» Task to complete
Restate word for word the lines below that run from the one holding "3D 패션 아프리카 비즈" through the one holding "LOWES-O Bingo Card", inclusive. Pictures don't belong in the copy.

[Captioned web images]
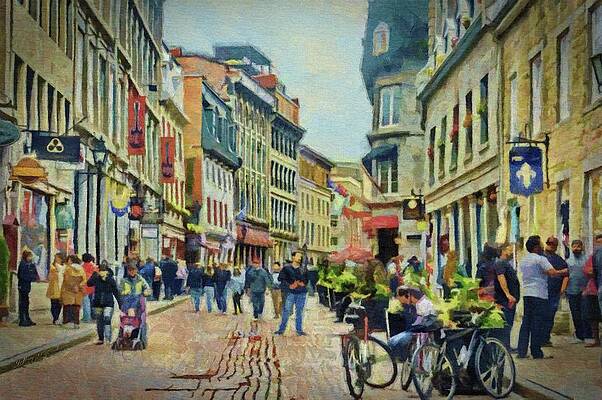 Wall Art featuring the painting Old Montreal Street Scene by Jeffrey Kolker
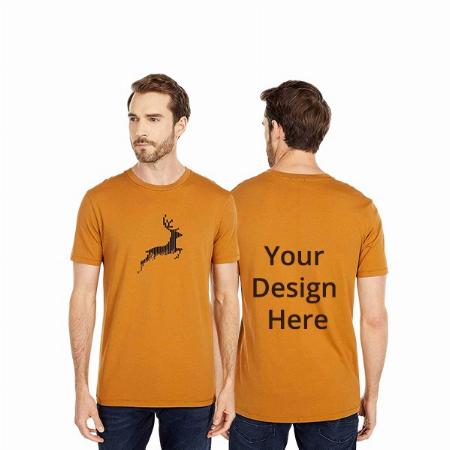 Mustard Customized Half Sleeves Regular Fit Graphic Round Neck T-Shirt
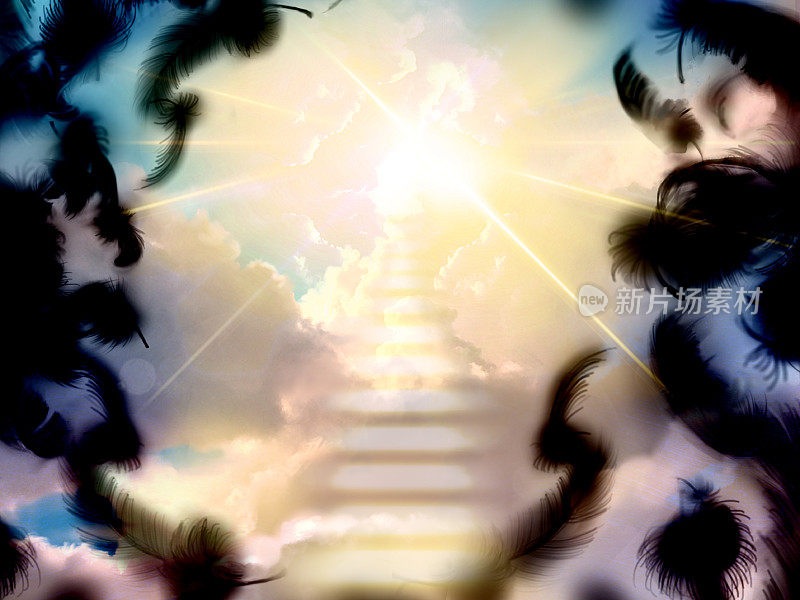 这是一张通往天堂的神秘大门的插图，它超越了从天而降的黑色羽毛，神圣的光芒穿过云海的缺口。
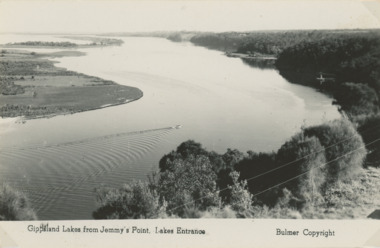 Postcard, Bulmer Collection, Reeves Channel ,Rigby Fraser and Flannigan Islands Lakes Entrance, 1930 c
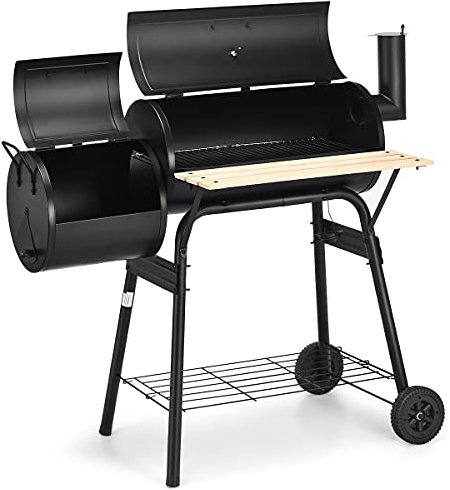 COSTWAY Charcoal BBQ Grill, Garden Barbecue Trolley with Wheels, Shelves and Thermometer, Outdoor Smoker Griller for Camping Picnic Party (Round Charcoal BBQ Grill)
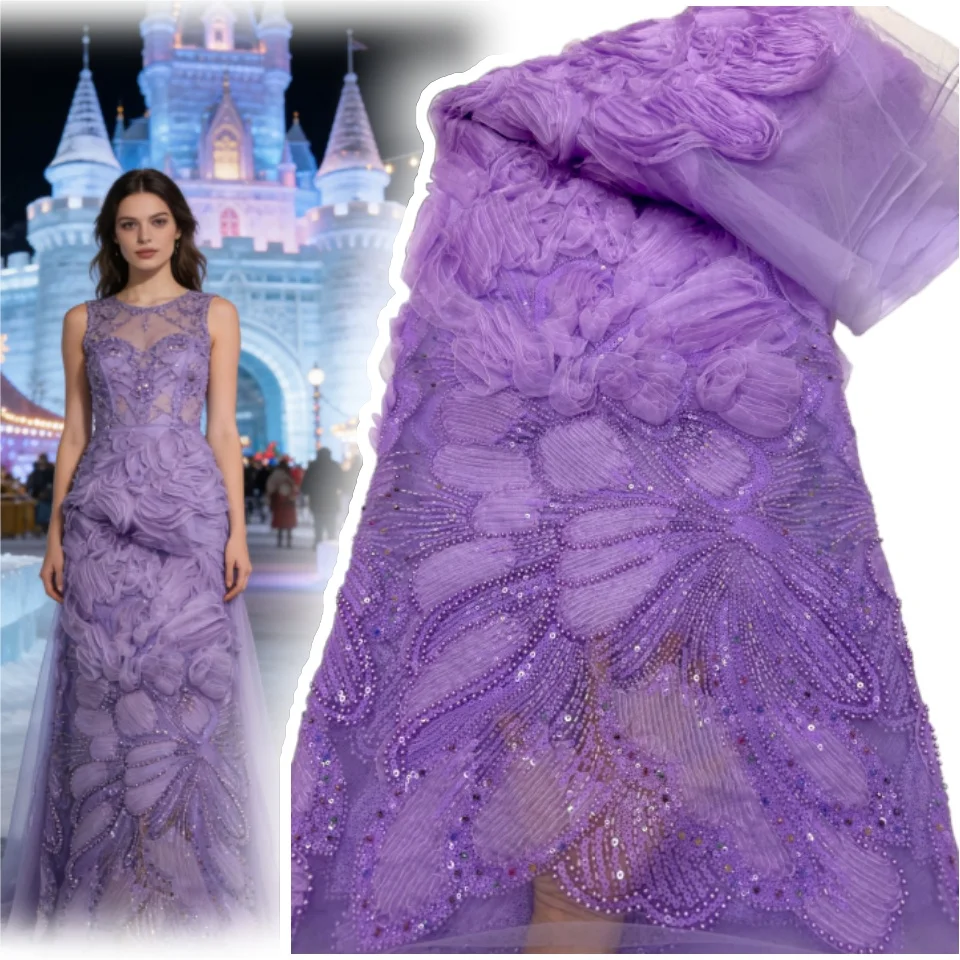 3D 패션 아프리카 비즈 레이스 원단 5야드 피치 프렌치 스팽글 자수 메쉬 레이스 원단 여성 웨딩 파티 드레스 1981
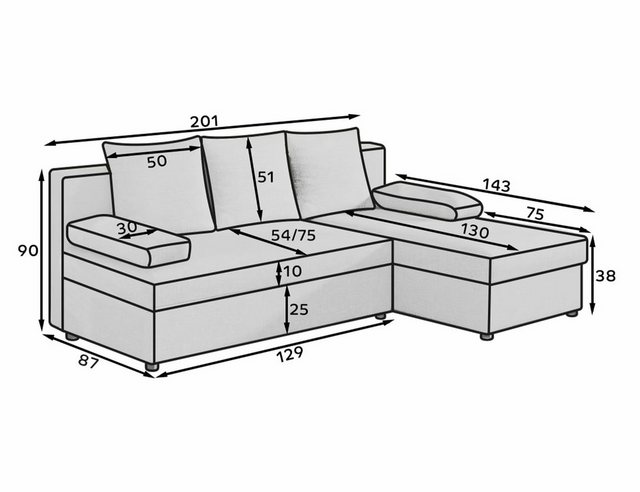 DB-Möbel Ecksofa "Ginotto" mit Schlaffunktion und Bettkasten., Zwei verschi günstig online kaufen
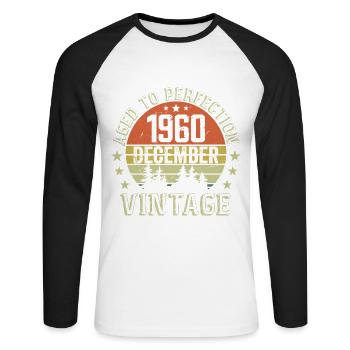 Cadeau Anniversaire Rétro - Nées En Décembre 1960 - T-shirt baseball manches longues Homme - blanc/noir - Devant - Nik (191cm)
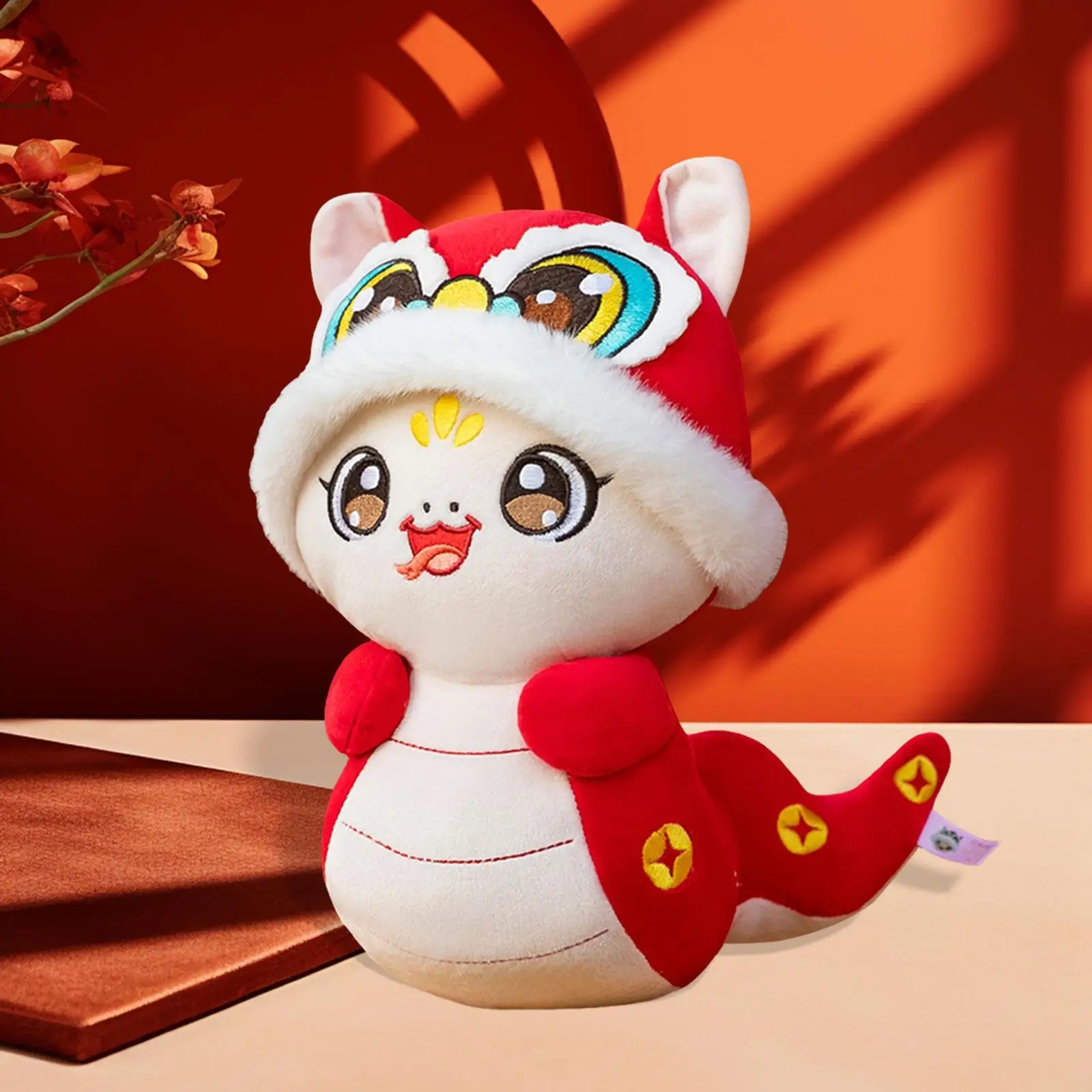 

Chinese New Year Snake Plush Toy Cute Comfortable Party Favors 20cm Height Stuffed Animal Plush Doll for Holiday Gift Dorm Home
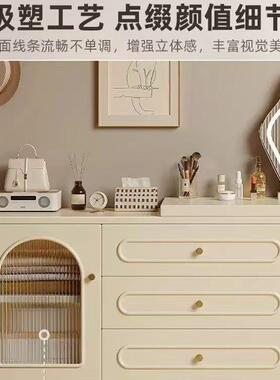 20一5约新款奶IXN油风2化妆桌卧室简现代床头柜化妆台收纳柜体梳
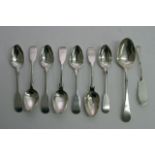 Eight silver hallmarked spoons and a silver hallma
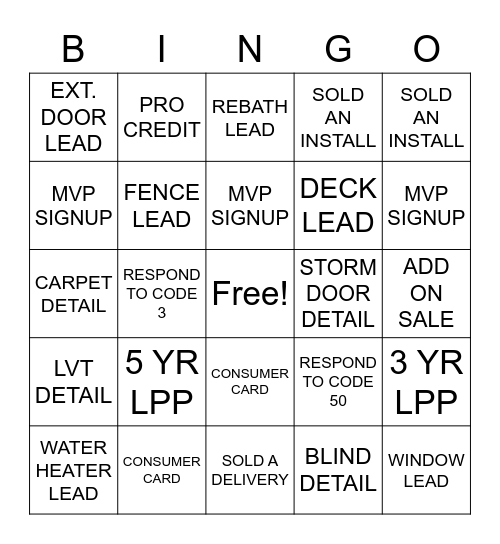 LOWES-O Bingo Card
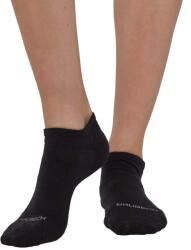 BRUBECK COMFORT WOOL Uniszex ezüstionos merinó gyapjú bokazokni - Fekete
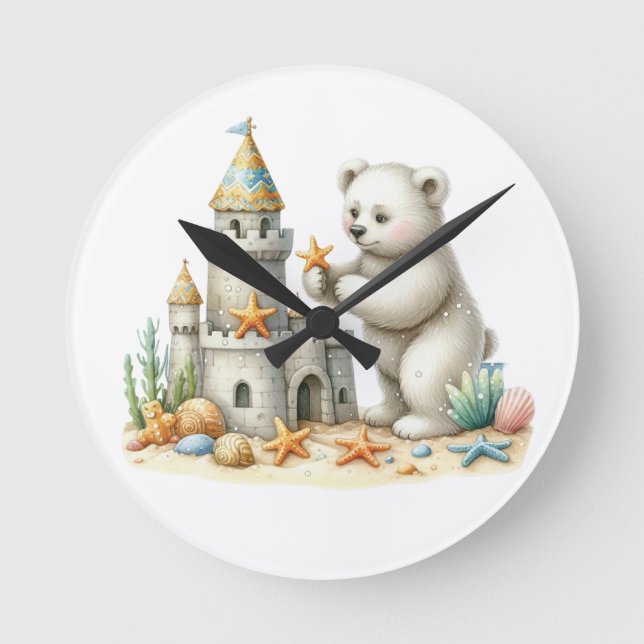 Reloj Redondo Mediano Castillos de arena (Anverso)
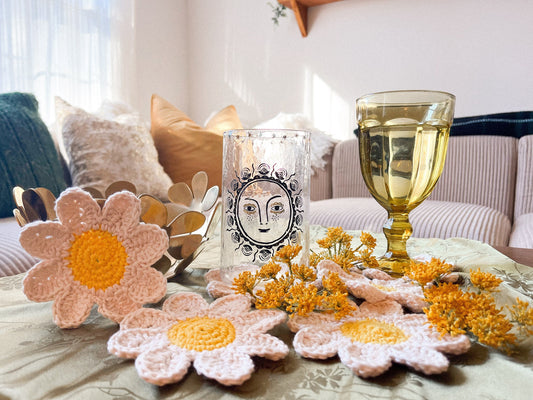 Crochet Flower Coasters | Daisy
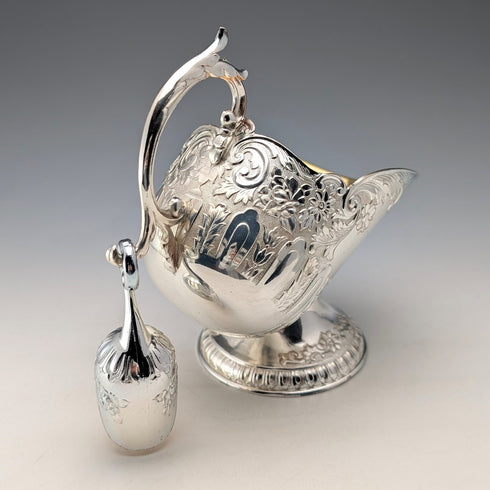 ヴィンテージ シルバープレート製 シュガーボウル 石炭入れデザイン 箱入り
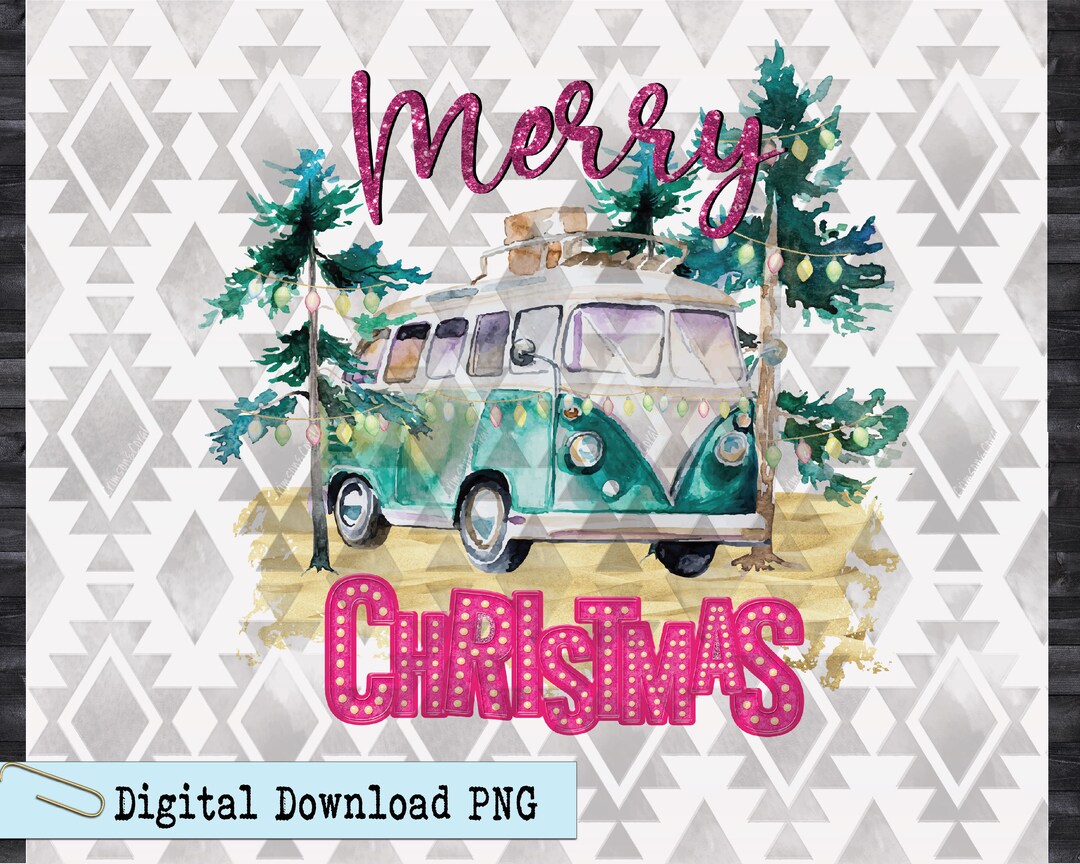 Vintage Christmas Van Sublimation Design PNG Etsy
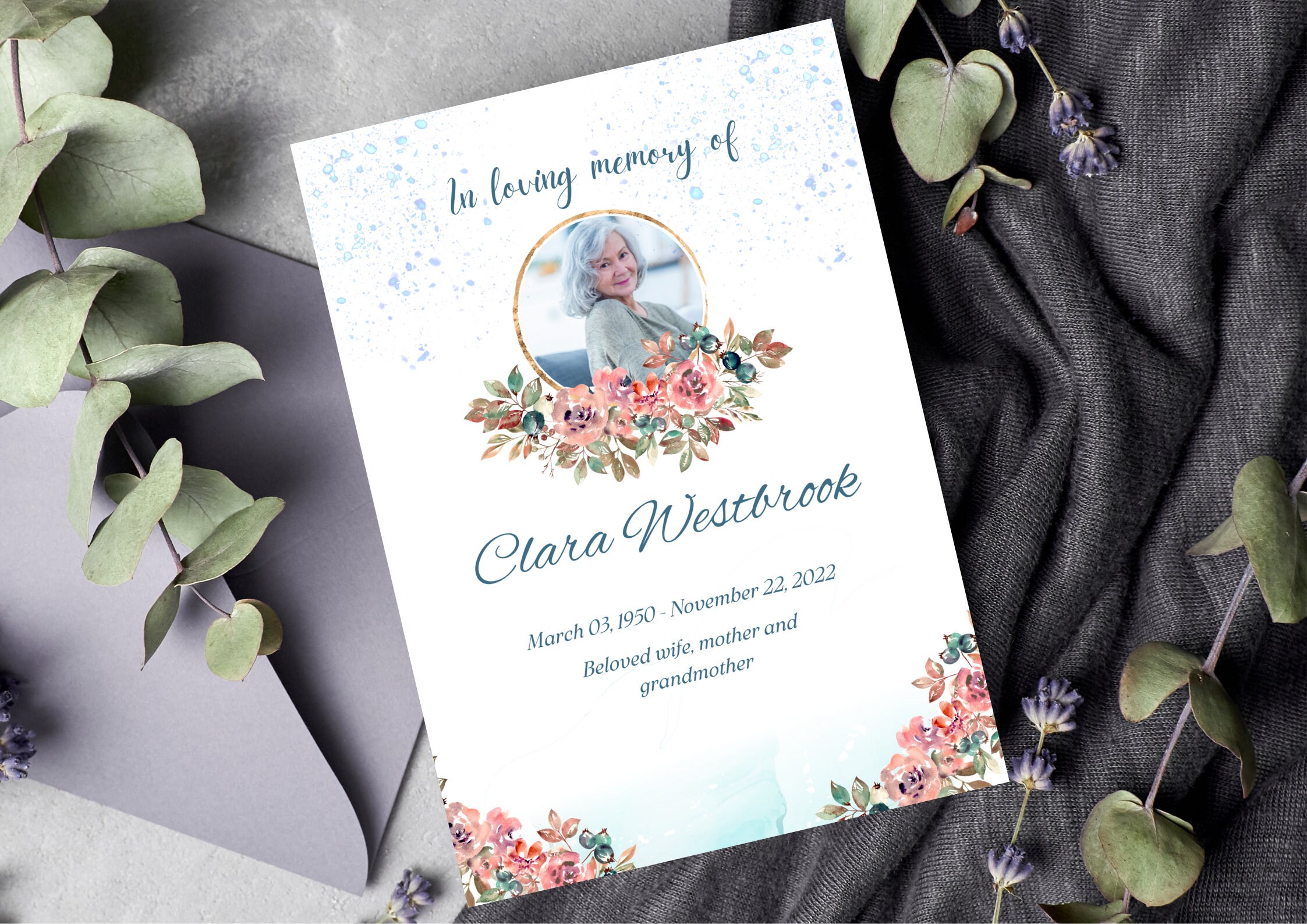 Floral Funeral Program Template, Memorial Service Announcement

» Reply to the exercise
 3D 패션 아프리카 비즈 레이스 원단 5야드 피치 프렌치 스팽글 자수 메쉬 레이스 원단 여성 웨딩 파티 드레스 1981
 DB-Möbel Ecksofa "Ginotto" mit Schlaffunktion und Bettkasten., Zwei verschi günstig online kaufen
 Cadeau Anniversaire Rétro - Nées En Décembre 1960 - T-shirt baseball manches longues Homme - blanc/noir - Devant - Nik (191cm)

Chinese New Year Snake Plush Toy Cute Comfortable Party Favors 20cm Height Stuffed Animal Plush Doll for Holiday Gift Dorm Home
 20一5约新款奶IXN油风2化妆桌卧室简现代床头柜化妆台收纳柜体梳
 Eight silver hallmarked spoons and a silver hallma
 LOWES-O Bingo Card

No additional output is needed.